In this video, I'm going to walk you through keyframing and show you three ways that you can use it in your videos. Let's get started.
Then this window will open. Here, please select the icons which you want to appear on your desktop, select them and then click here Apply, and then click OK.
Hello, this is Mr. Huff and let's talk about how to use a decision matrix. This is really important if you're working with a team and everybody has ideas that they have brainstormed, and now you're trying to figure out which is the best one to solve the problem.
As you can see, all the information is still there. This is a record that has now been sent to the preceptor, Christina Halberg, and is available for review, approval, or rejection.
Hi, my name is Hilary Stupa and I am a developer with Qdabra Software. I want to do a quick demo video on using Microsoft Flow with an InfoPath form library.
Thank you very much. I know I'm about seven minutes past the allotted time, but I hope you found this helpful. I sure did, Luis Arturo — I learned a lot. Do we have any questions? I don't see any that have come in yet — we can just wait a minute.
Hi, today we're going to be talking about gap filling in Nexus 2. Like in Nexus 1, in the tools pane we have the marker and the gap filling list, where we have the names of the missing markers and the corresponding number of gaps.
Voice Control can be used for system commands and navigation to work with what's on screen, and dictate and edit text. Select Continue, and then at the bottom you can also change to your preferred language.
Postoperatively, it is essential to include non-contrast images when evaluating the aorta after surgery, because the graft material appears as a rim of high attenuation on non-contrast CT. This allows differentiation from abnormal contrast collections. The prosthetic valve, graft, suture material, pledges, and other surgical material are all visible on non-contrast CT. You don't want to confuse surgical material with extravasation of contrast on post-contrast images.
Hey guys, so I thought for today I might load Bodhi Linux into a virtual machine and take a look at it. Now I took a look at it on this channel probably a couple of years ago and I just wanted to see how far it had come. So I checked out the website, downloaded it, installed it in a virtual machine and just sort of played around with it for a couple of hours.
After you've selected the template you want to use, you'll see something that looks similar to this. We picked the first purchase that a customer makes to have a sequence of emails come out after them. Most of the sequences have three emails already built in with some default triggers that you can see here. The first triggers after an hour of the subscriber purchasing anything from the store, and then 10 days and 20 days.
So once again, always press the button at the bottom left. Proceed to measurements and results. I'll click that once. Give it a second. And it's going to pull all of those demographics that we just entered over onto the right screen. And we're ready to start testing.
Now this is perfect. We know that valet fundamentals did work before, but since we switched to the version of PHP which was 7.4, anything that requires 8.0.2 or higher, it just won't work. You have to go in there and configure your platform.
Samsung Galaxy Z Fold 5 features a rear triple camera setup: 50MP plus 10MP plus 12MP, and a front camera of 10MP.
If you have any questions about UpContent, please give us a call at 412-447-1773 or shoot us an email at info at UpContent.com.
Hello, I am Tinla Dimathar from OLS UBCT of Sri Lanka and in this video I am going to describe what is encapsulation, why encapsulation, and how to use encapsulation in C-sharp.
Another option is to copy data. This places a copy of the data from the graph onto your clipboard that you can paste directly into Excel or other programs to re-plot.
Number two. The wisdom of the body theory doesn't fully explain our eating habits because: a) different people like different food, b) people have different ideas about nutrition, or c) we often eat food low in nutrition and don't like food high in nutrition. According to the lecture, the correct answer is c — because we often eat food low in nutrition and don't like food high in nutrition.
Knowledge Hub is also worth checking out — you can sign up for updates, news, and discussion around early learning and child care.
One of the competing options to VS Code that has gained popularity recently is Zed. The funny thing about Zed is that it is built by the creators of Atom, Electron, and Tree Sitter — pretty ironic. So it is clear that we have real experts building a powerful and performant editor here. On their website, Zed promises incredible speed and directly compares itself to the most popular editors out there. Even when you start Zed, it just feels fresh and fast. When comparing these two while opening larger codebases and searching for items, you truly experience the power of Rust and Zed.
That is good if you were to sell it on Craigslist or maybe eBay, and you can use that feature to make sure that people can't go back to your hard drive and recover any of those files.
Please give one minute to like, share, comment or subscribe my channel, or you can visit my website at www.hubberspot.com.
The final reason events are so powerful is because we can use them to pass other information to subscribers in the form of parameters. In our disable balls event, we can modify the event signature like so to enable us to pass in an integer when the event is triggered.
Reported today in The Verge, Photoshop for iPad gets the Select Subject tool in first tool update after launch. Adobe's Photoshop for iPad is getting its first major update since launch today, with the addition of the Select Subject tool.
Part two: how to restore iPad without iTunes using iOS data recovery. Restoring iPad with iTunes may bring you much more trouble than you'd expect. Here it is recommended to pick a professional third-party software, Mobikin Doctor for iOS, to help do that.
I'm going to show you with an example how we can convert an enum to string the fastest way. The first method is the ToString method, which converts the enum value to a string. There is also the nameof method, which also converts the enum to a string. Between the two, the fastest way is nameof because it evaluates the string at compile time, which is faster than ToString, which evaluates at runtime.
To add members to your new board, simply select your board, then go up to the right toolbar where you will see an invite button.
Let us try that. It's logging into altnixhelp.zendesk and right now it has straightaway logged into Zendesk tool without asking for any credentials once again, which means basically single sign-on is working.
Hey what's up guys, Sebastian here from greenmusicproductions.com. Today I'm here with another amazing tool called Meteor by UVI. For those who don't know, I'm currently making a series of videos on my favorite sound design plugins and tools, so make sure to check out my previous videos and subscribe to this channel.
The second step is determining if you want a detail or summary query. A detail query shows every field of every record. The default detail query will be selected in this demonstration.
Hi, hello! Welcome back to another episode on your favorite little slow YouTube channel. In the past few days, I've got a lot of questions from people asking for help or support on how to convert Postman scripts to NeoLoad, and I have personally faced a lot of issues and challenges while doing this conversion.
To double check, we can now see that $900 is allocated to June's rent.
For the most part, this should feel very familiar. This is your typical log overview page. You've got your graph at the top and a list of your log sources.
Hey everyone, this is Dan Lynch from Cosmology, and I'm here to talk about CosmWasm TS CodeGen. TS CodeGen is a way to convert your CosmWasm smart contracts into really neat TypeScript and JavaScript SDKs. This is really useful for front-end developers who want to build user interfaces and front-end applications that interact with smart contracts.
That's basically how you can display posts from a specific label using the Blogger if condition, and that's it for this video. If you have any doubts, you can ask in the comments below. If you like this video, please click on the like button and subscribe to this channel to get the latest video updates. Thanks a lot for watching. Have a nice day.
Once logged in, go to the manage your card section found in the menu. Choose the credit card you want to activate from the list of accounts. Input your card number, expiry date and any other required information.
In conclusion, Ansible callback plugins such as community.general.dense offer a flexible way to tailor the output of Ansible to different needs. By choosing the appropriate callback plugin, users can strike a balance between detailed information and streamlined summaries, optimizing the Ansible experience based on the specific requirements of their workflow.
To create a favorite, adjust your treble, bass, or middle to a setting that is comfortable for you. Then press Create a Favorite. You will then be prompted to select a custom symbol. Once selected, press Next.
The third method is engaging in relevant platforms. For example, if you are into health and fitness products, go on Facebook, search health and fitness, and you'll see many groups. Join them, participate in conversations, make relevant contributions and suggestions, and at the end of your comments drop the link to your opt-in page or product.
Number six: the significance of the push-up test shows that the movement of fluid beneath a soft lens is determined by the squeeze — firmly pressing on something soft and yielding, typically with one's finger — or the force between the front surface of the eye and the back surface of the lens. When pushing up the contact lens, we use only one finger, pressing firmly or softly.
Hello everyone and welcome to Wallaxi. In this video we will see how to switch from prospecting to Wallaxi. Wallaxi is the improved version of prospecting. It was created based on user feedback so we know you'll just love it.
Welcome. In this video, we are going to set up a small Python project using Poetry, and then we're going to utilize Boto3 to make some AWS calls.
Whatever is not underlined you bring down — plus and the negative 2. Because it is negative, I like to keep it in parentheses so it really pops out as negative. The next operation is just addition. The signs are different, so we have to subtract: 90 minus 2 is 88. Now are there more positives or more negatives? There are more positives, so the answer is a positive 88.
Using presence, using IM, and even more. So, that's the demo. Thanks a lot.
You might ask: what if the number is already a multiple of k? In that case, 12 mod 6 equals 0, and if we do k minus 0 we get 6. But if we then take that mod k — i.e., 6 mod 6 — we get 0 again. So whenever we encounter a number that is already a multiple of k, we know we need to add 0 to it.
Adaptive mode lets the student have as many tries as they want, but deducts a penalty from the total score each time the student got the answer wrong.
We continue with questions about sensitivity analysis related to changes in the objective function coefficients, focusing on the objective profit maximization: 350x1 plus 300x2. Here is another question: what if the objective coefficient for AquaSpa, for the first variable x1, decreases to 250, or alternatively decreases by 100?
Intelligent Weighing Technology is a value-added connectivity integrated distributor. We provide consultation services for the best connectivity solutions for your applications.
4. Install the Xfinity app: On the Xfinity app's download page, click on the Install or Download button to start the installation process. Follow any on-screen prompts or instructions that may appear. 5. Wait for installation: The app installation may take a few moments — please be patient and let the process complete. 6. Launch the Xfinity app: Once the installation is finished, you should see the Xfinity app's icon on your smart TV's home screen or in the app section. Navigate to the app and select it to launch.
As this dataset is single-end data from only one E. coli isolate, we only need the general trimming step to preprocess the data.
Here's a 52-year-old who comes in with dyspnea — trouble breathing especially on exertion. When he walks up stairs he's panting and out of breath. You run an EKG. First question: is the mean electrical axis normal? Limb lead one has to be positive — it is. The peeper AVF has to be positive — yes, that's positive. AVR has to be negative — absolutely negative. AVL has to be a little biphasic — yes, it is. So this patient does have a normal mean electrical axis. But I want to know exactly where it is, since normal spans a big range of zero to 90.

☆ ☆ ☆ ☆

Action item:
Whenever a line above has the word "plus" in it, copy that line.

Completed exercise:
Samsung Galaxy Z Fold 5 features a rear triple camera setup: 50MP plus 10MP plus 12MP, and a front camera of 10MP.
Whatever is not underlined you bring down — plus and the negative 2. Because it is negative, I like to keep it in parentheses so it really pops out as negative. The next operation is just addition. The signs are different, so we have to subtract: 90 minus 2 is 88. Now are there more positives or more negatives? There are more positives, so the answer is a positive 88.
We continue with questions about sensitivity analysis related to changes in the objective function coefficients, focusing on the objective profit maximization: 350x1 plus 300x2. Here is another question: what if the objective coefficient for AquaSpa, for the first variable x1, decreases to 250, or alternatively decreases by 100?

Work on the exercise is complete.